Editoriaux - Entretiens - Politique - 2 avril 2019

Gilbert Collard : « Les députés macronistes ? Des « Danette® » qui se lèvent tous ensemble ! »

Aujourd’hui, à l’Assemblée nationale, s’ouvrait le grand débat réservé, cette fois, aux députés. Réaction de Gilbert Collard au micro de Boulevard Voltaire. L’occasion d’évoquer avec lui l’ambiance qui règne au sein de l’Hémicycle et aussi la perspective des élections européennes.

Qu’attendez-vous du grand débat des députés qui commence aujourd’hui à l’Assemblée nationale ?

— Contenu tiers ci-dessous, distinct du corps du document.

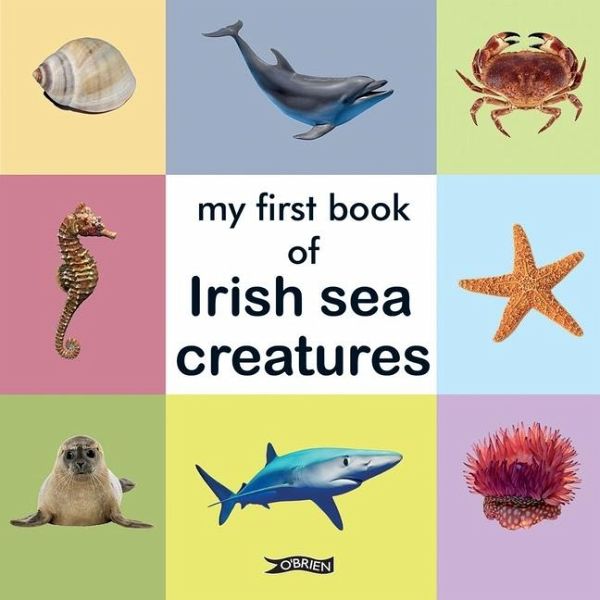 My First Book of Irish Sea Creatures My First Book of Irish Sea Creatures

Rien ne pourra sortir de ce grand débat. Il est malheureusement technocratique et complètement englouti dans le formol des réunions du président de la République. Il s’est cru à un exercice répétitif de l’ENA. C’est hallucinant de voir à quel point un exercice né de la spontanéité d’une revendication populaire peut se rabougrir à une espèce de répétition technocratique et égocentrique d’un seul personnage qui pérore pendant des semaines et des semaines dans une espèce d’inaudibilité. C’est assez fascinant de voir comment la spontanéité d’un peuple peut aboutir aux rhumatismes verbaux d’un homme.

L’élection d’Emmanuel Macron est-elle, pour vous, une erreur ?

J’ai toujours considéré et dit qu’il allait être un Président très violent. Je pense qu’avec lui, on oscillera entre Néron et de Funès. Comme il est là pour appliquer des directives de Bruxelles et pour jouer le jeu des grandes banques avec toutes les ramifications que cela implique, il sera d’une impitoyabilité et va nous étonner d’événement en événement. Je pense qu’on s’est marré avec Hollande, on va pleurer avec Macron.

Grand débat ou non, un léger remaniement a eu lieu. On a, notamment, assisté au départ de Benjamin Griveaux, de Nathalie Loiseau et des arrivées,au gouvernement, de la porte-parole Sibeth Ndiaye et d’Amélie de Monchalin. Ce mini-remaniement est-il significatif et traduit-il une quelconque volonté politique ?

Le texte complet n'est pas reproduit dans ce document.